Authors: Chenzi Yiyang (GIZ) and Vincent Fremery (GIZ)

Study on Technical System of the Life Cycle of Battery Electric Buses

Against the backdrop of the 2030 carbon dioxide emission peaking and 2060 carbon neutrality goals proclaimed by Chinese President Xi Jinping, China’s “14th Five Year Plan for a Modern and Comprehensive Transportation System (2021-2025)” was published on January 18th, 2022. The plan highlights the development principle of green transition, people-oriented development, and innovation. It also confirms the significant role of New Energy Buses (NEB) in China’s strategy to carbon emission reduction in cities. As one of the indicators for “Green & Innovative Mobility”, 72% of China’s urban public buses are expected to be electric by 2025.

In the past decade, China has made remarkable progress in the promotion of NEBs. By the end of the year 2020, there were around 466,000 NEBs in China, of which 378,700 buses are Battery Electric Buses, accounting for 66% and 53.8% of the total amount of buses, respectively[1]. A number of cities, Shenzhen, Tianjin, Zhengzhou, just to name a few, have achieve 100% of bus fleet electrification. But challenges still exist. During the period of rapid vehicle electrification, issues such as lacking capacities for effective BEB system integration and procurement strategies, low operating efficiency, unreasonable layout planning of supporting and charging infrastructure facilities, and poor maintenance and service levels, are faced by many cities.

Figure 1: Development of NEB Proportion in China, 2010-2019
Source: China Academy of Transportation Sciences (CATS) of the Ministry of Transport of the People’s Republic of China (MoT)

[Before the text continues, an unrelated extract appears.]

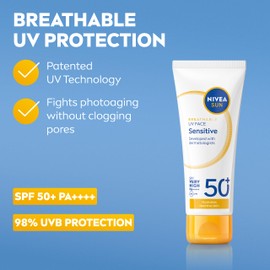NIVEA SUN Breathable UV Face Sensitive SPF 50+ (40ml), Face Sunscreen For Sensitive Skin, Prevents Sun Allergies and Irritations, Fragrance-Free and Non-Comedogenic Formula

With the aim to support China on the decarbonization of its transport system by further promoting and improving BEB efficiency, safety, cost-effectiveness, energy saving, and emission reduction impact, the Sino-German Cooperation on Low Carbon Transport (CLCT) project of the Deutsche Gesellschaft für Internationale Zusammenarbeit (GIZ) GmbH and the China Academy of Transportation Sciences (CATS) of the Ministry of Transport of the People’s Republic of China (MoT) conducted the “Study on Technical System of the Life Cycle of Battery Electric Buses” from 2020 to 2021.

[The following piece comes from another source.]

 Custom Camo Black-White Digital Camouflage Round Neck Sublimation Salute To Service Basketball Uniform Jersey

The study follows the life cycle stations of battery electric buses, from its procurement, charging, operation, maintenance, to the decommissioning of batteries. It provides a technical guide for stakeholders in each of the procedures to achieve safety, efficiency, and sustainability. As part of the study, eight case cities covering various geographic area and social-economic level were identified: Zhengzhou, Chengdu, Shenzhen, Jinan, Guangzhou, Shenyang, Yinchuan, and Xi’an. Through surveys and interviews, the study collected first-hand data on the challenges, solutions, and best practices in these cities. Based on literature review, comparative analyses, field study, and expert consultations, the study then provides recommendations for all relevant stakeholders.

Technical System of Battery Electric Buses in China Workshop

Upon the completion of the study, the “Technical System of Battery Electric Buses in China Workshop” was held on January 21, 2022. Industry representatives, including Chinese e-bus manufactures, operators, charging service providers, national bus quality supervision centers, and industrial associations, shared the latest developments in their respective fields. International representatives from the Berlin Transport Company (BVG) and the International Association of Public Transport (UITP) presented Berlin’s large-scale e-bus procurement initiative and an international bus operator’s perspective on NEB. Representatives from GIZ’s global offices, World Bank, International Council on Clean Transportation (ICCT), Innovation Center for Energy and Transport, PwC, and academia participated in the workshop.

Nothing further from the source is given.